**THE TASK**
Range to copy from the entries below: the line containing "2011 Toyota Tacoma" through the line containing "349 Pennant Lane, Fairburn, Georgia image 7", inclusive. Retype only those lines, exactly, without any images.

**AVAILABLE RECORDS**
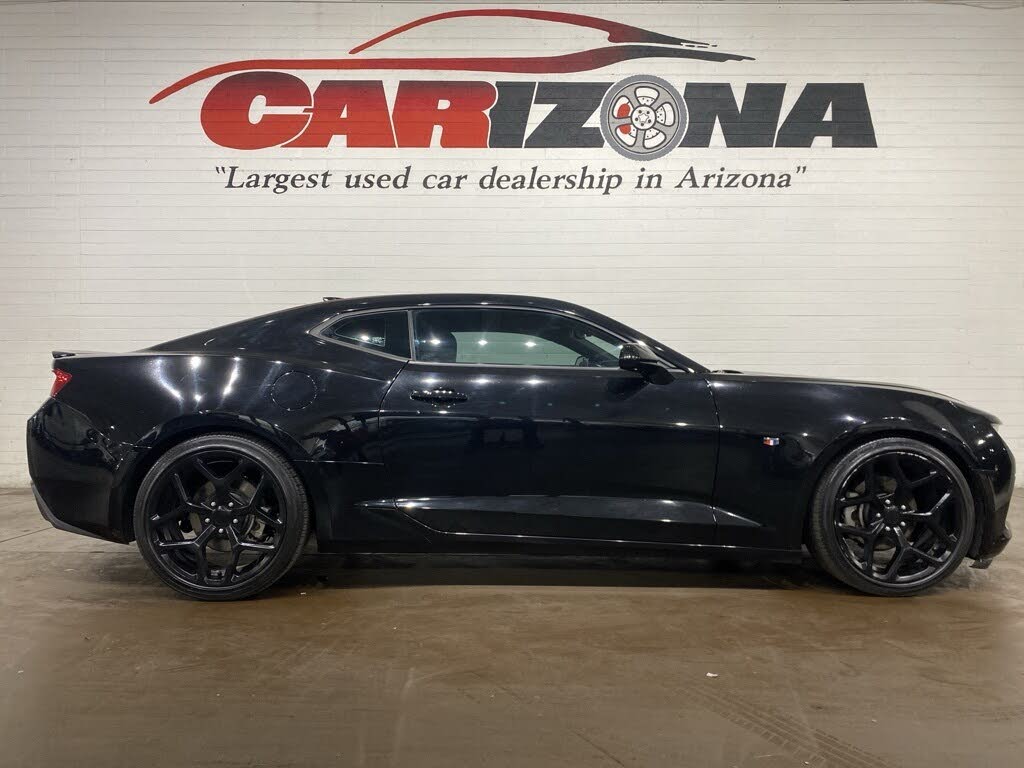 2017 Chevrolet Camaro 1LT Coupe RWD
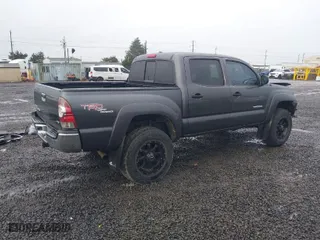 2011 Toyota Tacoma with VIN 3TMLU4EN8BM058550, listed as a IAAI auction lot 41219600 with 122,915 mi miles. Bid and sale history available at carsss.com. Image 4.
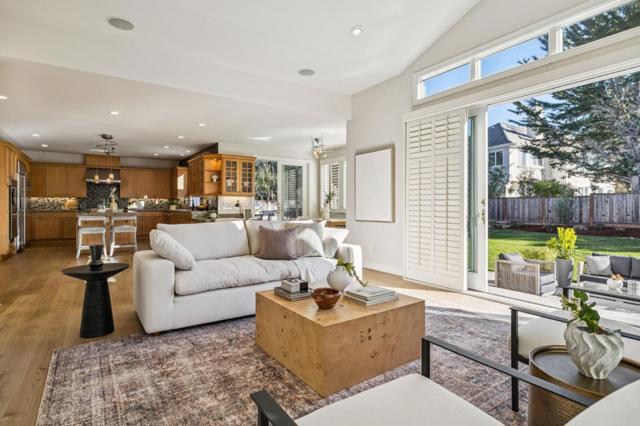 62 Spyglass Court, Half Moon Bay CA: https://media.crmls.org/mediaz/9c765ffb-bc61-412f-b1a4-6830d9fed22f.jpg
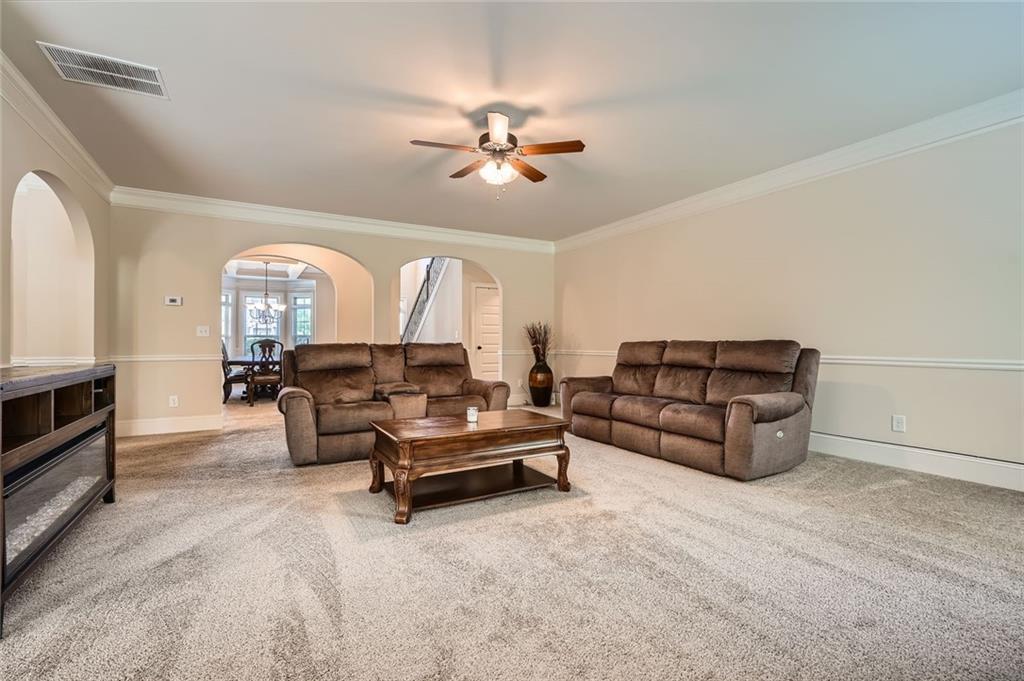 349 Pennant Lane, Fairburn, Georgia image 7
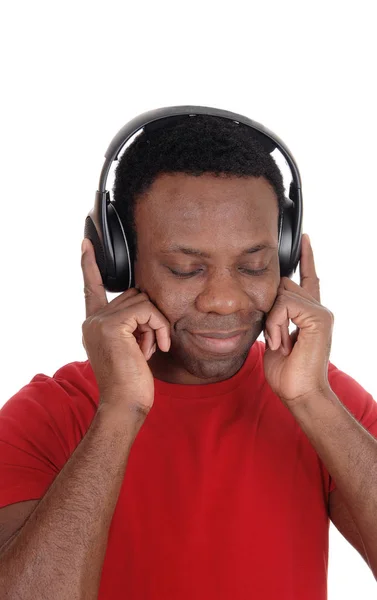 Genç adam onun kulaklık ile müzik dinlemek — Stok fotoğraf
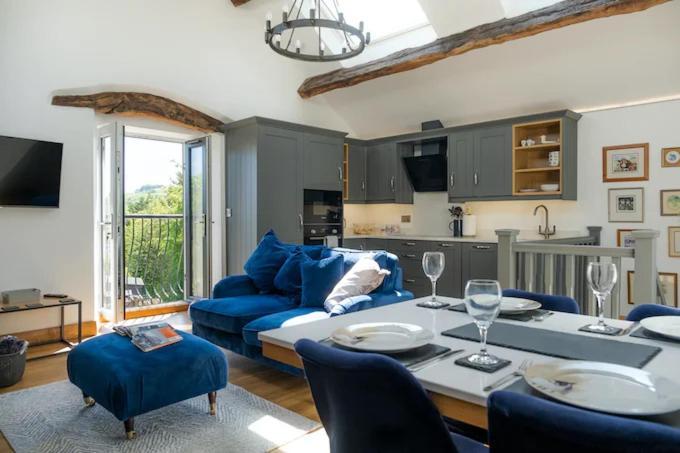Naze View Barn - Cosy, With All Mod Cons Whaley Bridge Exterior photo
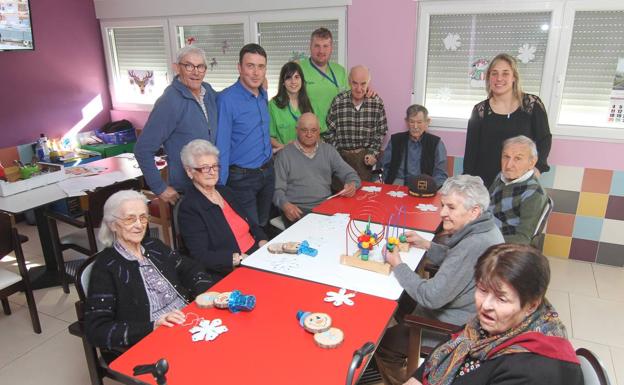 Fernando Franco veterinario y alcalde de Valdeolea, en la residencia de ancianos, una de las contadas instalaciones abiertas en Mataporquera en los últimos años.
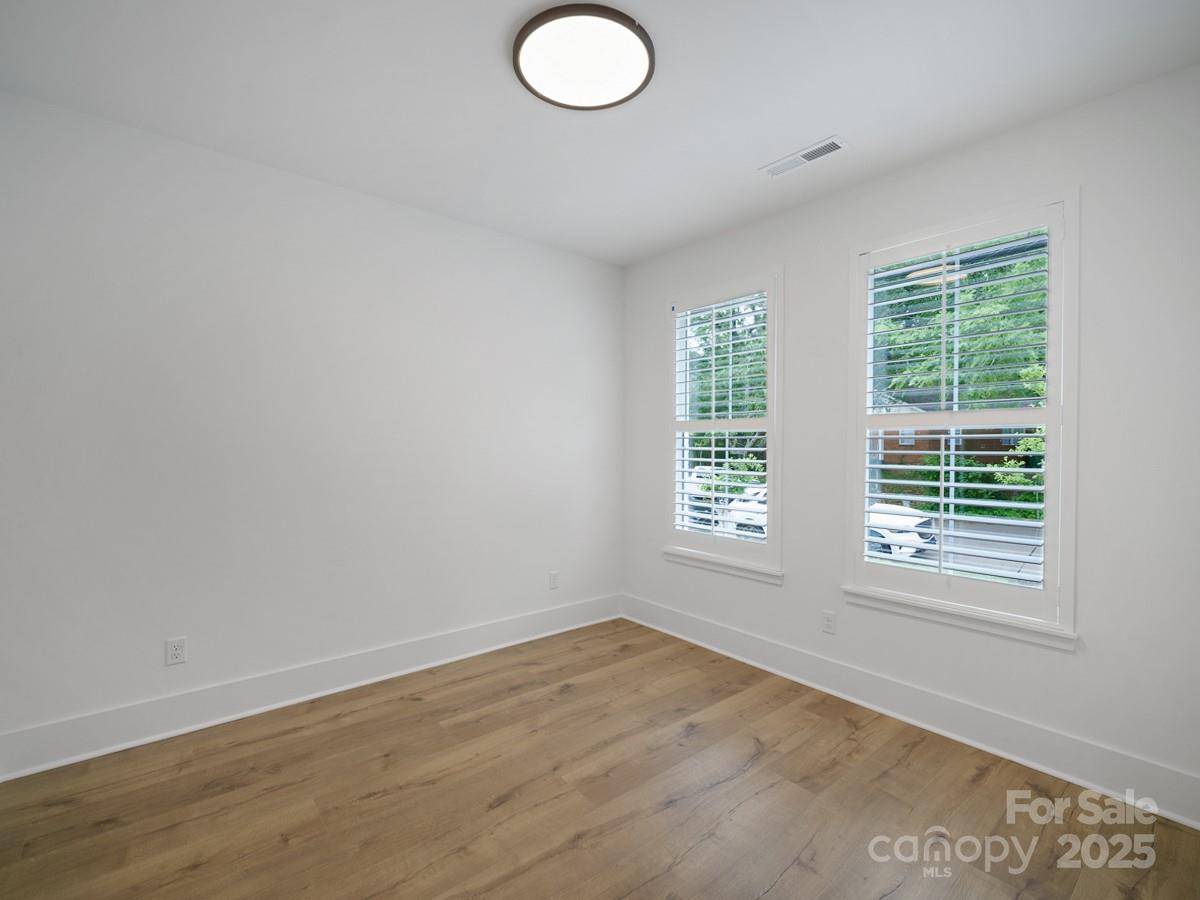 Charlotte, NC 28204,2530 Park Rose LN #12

**YOUR RESPONSE**
 2011 Toyota Tacoma with VIN 3TMLU4EN8BM058550, listed as a IAAI auction lot 41219600 with 122,915 mi miles. Bid and sale history available at carsss.com. Image 4.
 62 Spyglass Court, Half Moon Bay CA: https://media.crmls.org/mediaz/9c765ffb-bc61-412f-b1a4-6830d9fed22f.jpg
 349 Pennant Lane, Fairburn, Georgia image 7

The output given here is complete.